Changing Your Skin Color Can Be As Easy As Applying a Topical Cream
Once their research is complete, scientists are confident that changing your skin color can be possible with the simple application of a topical cream that contains those two molecules. This can go a long way to helping people with medical conditions that affect their pigmentations. Estrogen-like creams can be used to darken skin made light by certain conditions like Vitiligo (an auto-immune disease that causes skin to lose melanin, a condition that the King of Pop was famous for). Meanwhile, progesterone-like creams can be used to lighten skin that’s been marred by conditions like acne or sunspots.

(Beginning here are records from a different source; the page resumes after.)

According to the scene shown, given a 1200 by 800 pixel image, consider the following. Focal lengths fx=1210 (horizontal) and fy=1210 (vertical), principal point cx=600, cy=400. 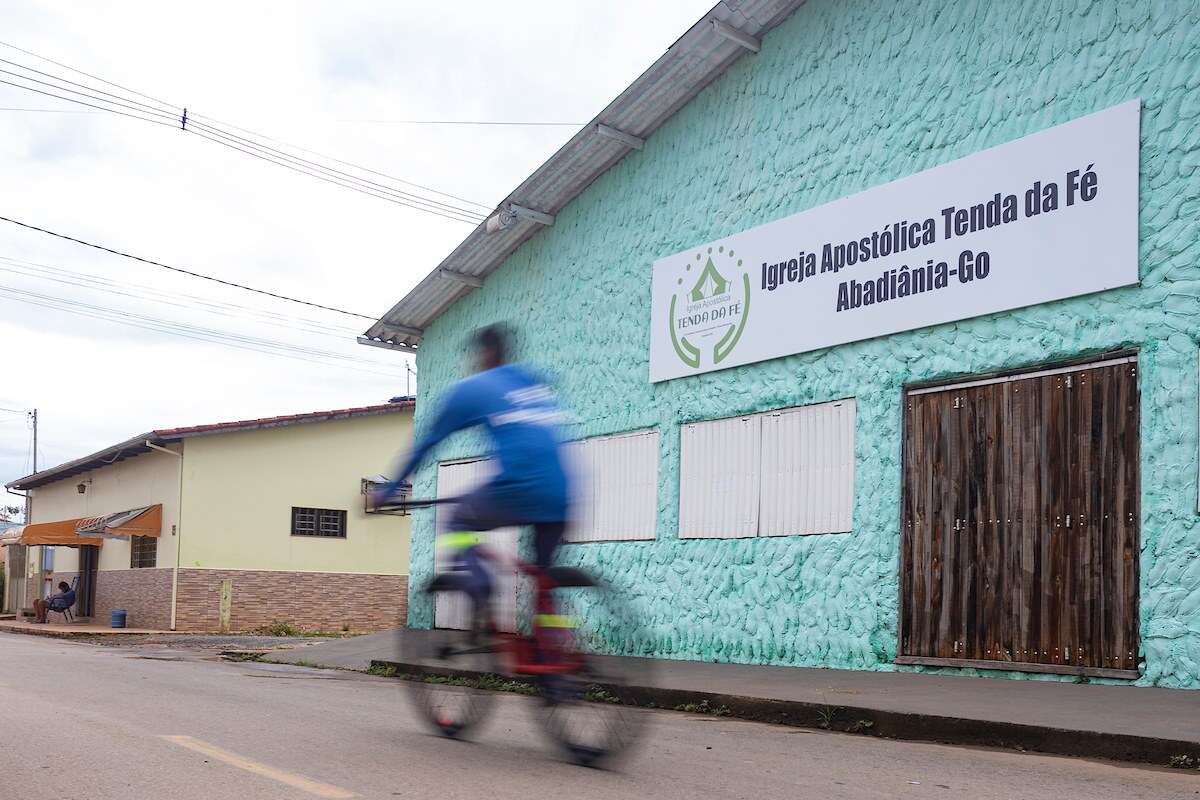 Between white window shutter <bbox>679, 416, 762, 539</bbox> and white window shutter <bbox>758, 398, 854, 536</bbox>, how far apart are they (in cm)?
19

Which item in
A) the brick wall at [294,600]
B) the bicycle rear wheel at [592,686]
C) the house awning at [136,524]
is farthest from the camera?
the house awning at [136,524]

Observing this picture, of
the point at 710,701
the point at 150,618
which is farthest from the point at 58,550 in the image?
the point at 710,701

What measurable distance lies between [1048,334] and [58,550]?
3497 centimetres

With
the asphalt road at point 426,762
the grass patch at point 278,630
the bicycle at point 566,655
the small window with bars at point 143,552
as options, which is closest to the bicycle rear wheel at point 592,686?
the bicycle at point 566,655

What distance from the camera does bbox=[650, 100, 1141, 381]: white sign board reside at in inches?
394

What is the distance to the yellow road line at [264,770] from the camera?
4.96 meters

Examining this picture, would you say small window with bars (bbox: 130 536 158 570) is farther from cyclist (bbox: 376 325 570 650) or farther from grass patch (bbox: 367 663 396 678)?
cyclist (bbox: 376 325 570 650)

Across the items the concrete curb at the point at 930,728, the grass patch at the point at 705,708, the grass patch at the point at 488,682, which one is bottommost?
the grass patch at the point at 705,708

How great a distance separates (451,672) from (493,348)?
1753 mm

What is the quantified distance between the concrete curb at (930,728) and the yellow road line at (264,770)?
1123mm

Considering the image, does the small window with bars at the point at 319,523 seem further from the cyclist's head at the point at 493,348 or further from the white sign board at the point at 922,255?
the cyclist's head at the point at 493,348

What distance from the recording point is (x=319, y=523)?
2867 cm

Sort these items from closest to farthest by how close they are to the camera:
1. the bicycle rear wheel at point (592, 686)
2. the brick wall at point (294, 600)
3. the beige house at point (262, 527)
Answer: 1. the bicycle rear wheel at point (592, 686)
2. the brick wall at point (294, 600)
3. the beige house at point (262, 527)

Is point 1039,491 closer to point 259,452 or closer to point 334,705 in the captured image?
point 334,705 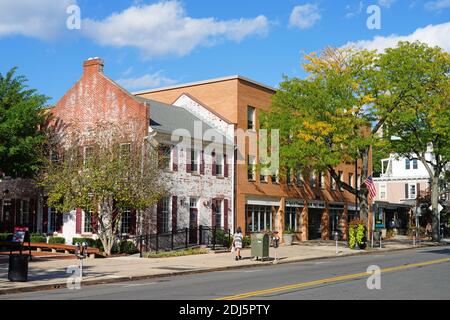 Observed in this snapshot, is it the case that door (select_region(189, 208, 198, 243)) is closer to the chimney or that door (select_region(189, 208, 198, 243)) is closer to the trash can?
the chimney

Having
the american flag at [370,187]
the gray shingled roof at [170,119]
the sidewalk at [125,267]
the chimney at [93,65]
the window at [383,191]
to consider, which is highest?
the chimney at [93,65]

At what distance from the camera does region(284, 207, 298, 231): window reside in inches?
Result: 1751

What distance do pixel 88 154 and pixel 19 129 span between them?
5.56 m

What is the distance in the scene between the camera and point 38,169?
34.6 metres

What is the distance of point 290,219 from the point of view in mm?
→ 45094

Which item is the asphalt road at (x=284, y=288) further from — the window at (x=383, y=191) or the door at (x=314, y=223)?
the window at (x=383, y=191)

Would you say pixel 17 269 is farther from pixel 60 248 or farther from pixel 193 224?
pixel 193 224

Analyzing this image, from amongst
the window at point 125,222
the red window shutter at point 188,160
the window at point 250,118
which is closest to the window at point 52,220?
the window at point 125,222

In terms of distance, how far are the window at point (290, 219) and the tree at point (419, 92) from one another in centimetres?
913

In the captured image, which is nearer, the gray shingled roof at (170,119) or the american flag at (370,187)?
the gray shingled roof at (170,119)

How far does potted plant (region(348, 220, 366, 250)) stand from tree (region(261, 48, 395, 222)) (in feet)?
6.91

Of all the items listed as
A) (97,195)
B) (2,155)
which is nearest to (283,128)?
(97,195)

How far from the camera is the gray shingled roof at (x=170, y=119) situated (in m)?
34.5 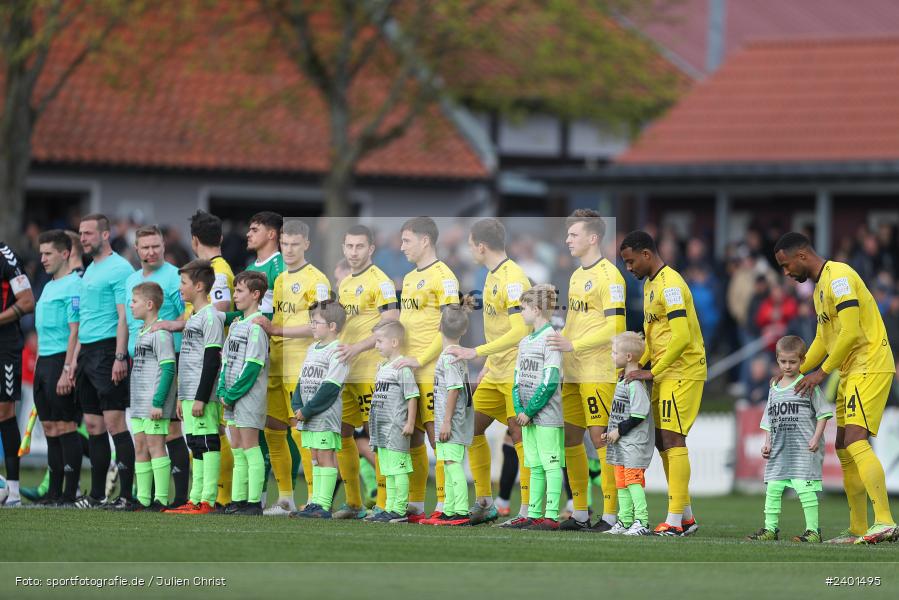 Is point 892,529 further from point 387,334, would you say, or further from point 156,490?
point 156,490

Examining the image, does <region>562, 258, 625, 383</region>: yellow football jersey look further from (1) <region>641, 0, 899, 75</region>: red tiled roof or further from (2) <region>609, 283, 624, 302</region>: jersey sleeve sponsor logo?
(1) <region>641, 0, 899, 75</region>: red tiled roof

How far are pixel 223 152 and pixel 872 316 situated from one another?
2067 cm

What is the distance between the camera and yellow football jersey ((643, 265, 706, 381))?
12.2 m

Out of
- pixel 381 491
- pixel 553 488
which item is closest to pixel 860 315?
pixel 553 488

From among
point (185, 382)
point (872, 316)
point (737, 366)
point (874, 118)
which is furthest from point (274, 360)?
point (874, 118)

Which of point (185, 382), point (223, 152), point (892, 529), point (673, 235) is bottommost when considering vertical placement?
point (892, 529)

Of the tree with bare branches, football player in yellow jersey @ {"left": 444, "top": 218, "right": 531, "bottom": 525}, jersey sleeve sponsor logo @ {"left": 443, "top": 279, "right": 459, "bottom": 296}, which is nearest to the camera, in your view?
football player in yellow jersey @ {"left": 444, "top": 218, "right": 531, "bottom": 525}

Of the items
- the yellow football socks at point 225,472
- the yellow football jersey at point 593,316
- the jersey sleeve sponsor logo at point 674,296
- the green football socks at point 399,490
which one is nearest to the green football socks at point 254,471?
the yellow football socks at point 225,472

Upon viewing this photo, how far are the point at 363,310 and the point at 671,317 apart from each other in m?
2.53

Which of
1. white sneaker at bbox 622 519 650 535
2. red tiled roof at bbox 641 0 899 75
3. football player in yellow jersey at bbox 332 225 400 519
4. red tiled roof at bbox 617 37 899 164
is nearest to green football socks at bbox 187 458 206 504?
football player in yellow jersey at bbox 332 225 400 519

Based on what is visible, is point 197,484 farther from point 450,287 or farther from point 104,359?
point 450,287

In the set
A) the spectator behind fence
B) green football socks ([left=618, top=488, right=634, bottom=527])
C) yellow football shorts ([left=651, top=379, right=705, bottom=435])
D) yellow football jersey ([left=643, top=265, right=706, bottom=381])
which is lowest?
green football socks ([left=618, top=488, right=634, bottom=527])

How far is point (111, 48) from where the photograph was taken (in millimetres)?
26094

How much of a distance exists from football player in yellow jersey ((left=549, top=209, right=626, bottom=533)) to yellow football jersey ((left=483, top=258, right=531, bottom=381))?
16.0 inches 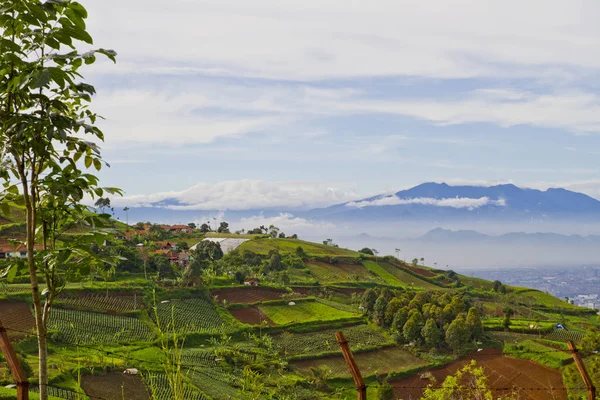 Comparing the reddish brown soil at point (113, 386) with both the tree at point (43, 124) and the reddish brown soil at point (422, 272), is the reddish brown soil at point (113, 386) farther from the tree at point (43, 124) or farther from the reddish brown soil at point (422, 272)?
the reddish brown soil at point (422, 272)

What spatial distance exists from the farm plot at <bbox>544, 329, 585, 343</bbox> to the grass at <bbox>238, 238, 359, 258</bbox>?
40386 mm

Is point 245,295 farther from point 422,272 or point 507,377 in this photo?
point 422,272

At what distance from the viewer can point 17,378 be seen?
3.58m

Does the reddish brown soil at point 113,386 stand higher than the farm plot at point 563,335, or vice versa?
the reddish brown soil at point 113,386

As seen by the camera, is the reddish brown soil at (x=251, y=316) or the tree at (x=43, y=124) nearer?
the tree at (x=43, y=124)

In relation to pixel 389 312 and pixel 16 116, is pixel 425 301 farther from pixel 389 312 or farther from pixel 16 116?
pixel 16 116

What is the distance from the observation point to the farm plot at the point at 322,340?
51184 mm

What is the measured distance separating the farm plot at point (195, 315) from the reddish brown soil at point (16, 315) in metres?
10.4

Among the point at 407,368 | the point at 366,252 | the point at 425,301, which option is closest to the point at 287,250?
the point at 366,252

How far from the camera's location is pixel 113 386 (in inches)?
1411

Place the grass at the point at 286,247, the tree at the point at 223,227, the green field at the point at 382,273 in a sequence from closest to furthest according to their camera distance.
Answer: the green field at the point at 382,273
the grass at the point at 286,247
the tree at the point at 223,227

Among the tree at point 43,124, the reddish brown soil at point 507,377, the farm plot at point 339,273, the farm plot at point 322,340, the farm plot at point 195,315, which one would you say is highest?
the tree at point 43,124

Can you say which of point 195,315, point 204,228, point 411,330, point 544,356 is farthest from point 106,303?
point 204,228

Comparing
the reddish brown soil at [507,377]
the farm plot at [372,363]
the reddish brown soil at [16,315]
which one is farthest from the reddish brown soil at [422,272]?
the reddish brown soil at [16,315] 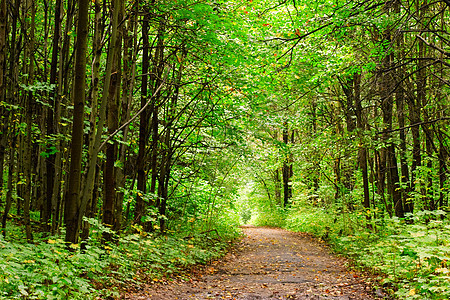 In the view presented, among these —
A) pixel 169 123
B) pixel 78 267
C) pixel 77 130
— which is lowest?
pixel 78 267

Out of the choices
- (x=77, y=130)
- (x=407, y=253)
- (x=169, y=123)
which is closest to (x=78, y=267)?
(x=77, y=130)

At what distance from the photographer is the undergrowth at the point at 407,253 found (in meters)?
4.77

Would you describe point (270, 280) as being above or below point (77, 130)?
below

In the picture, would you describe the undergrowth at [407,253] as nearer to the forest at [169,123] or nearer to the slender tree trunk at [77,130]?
the forest at [169,123]

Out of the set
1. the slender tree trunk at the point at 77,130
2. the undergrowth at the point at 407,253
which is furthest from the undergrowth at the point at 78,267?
the undergrowth at the point at 407,253

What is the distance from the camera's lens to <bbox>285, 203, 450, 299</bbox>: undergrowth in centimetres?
477

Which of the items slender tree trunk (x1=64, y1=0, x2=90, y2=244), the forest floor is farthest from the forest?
the forest floor

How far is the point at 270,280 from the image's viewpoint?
726 cm

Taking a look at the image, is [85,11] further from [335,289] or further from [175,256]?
[335,289]

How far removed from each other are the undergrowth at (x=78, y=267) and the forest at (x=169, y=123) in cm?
3

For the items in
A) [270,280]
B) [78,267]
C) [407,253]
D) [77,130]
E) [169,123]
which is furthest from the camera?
[169,123]

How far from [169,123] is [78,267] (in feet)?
17.4

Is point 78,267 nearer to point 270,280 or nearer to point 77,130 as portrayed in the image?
point 77,130

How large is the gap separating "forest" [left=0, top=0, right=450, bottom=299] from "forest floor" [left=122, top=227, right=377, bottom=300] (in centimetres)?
43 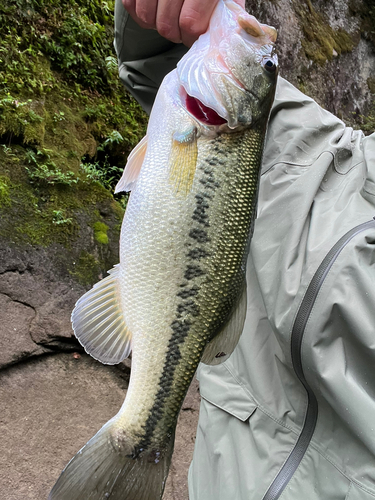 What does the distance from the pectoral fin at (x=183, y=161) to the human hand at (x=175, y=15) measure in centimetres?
31

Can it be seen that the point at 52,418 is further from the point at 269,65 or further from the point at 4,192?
the point at 269,65

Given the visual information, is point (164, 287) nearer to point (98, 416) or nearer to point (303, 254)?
point (303, 254)

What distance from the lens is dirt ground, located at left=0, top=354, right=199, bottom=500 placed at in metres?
2.28

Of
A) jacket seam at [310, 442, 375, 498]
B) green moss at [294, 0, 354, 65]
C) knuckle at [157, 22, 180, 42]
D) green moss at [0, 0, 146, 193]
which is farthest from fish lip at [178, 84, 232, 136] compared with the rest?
green moss at [294, 0, 354, 65]

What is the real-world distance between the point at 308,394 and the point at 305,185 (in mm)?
754

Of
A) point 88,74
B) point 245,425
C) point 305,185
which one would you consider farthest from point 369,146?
point 88,74

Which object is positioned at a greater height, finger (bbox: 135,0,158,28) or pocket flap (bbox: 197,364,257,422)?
finger (bbox: 135,0,158,28)

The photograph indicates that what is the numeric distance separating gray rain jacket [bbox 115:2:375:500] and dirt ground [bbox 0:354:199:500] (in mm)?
1042

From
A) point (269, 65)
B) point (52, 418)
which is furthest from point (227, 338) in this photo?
point (52, 418)

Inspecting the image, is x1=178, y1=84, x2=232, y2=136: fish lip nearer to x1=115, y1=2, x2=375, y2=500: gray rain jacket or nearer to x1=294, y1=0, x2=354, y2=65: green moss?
x1=115, y1=2, x2=375, y2=500: gray rain jacket

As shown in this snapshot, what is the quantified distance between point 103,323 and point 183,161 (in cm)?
61

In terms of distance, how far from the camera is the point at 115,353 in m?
1.32

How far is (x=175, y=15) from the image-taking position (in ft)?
4.19

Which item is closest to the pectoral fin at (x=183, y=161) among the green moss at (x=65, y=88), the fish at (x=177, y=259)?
the fish at (x=177, y=259) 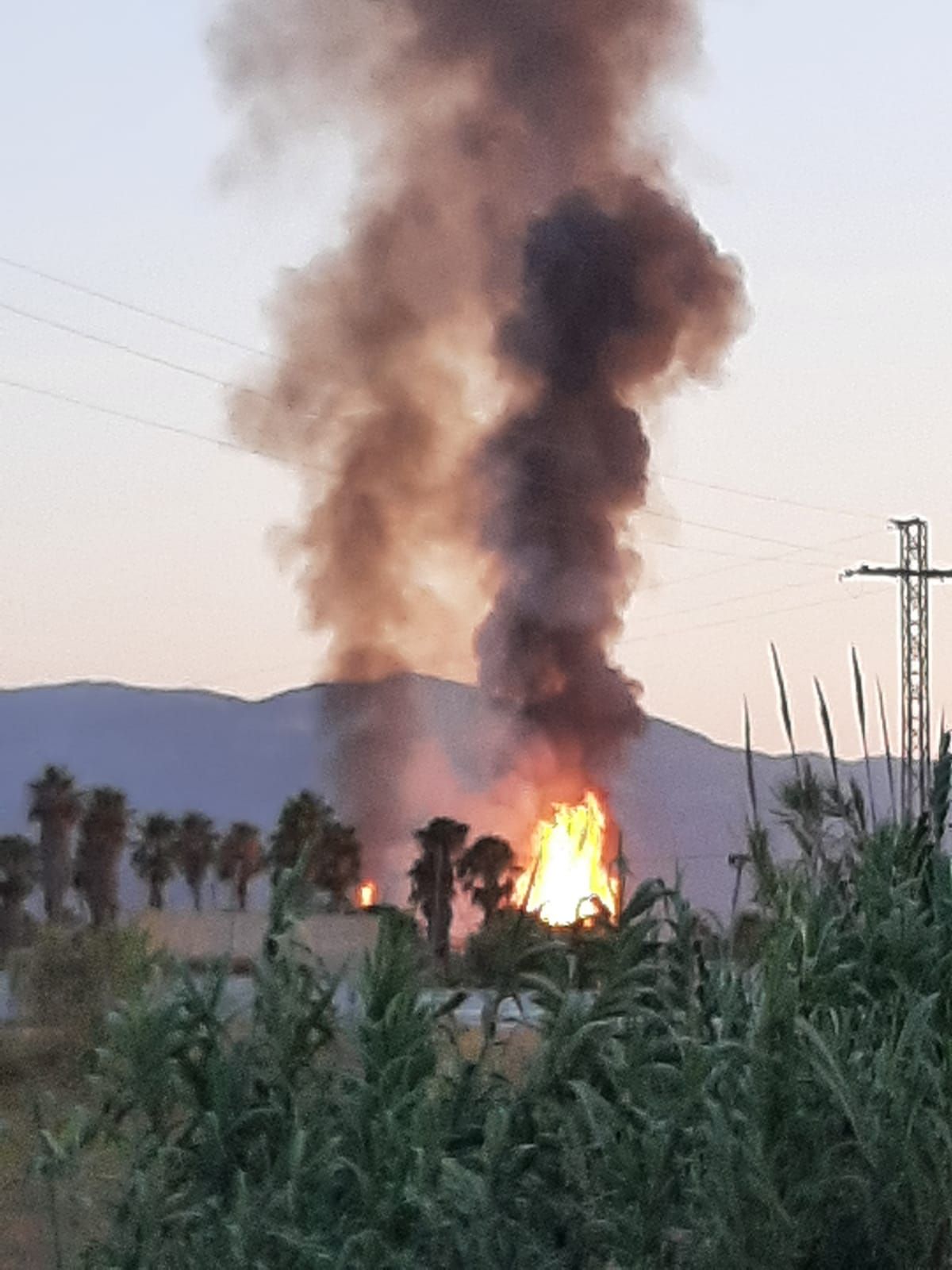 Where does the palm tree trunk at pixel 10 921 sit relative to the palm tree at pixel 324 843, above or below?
below

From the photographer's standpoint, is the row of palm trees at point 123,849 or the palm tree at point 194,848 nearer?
the row of palm trees at point 123,849

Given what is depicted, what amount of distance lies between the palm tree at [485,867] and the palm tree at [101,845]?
51.0 ft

Of course, these creams can also be used for cosmetic purposes, and will have no adverse reactions to other types of cosmetic products (so you don’t have to worry about whether or not makeup is bad for your skin). In using these future creams, people can now change their skin color without risking UV radiation in tanning booths or toxic, chemical bleaching.
But before you go out to your nearest cosmetics store, hold up: scientists aren’t done experimenting just yet. They still need to study the GPER and PAQR7 receptors a little more closely, not to mention perfect the estrogen and progesterone substitutes so as not to create adverse reactions.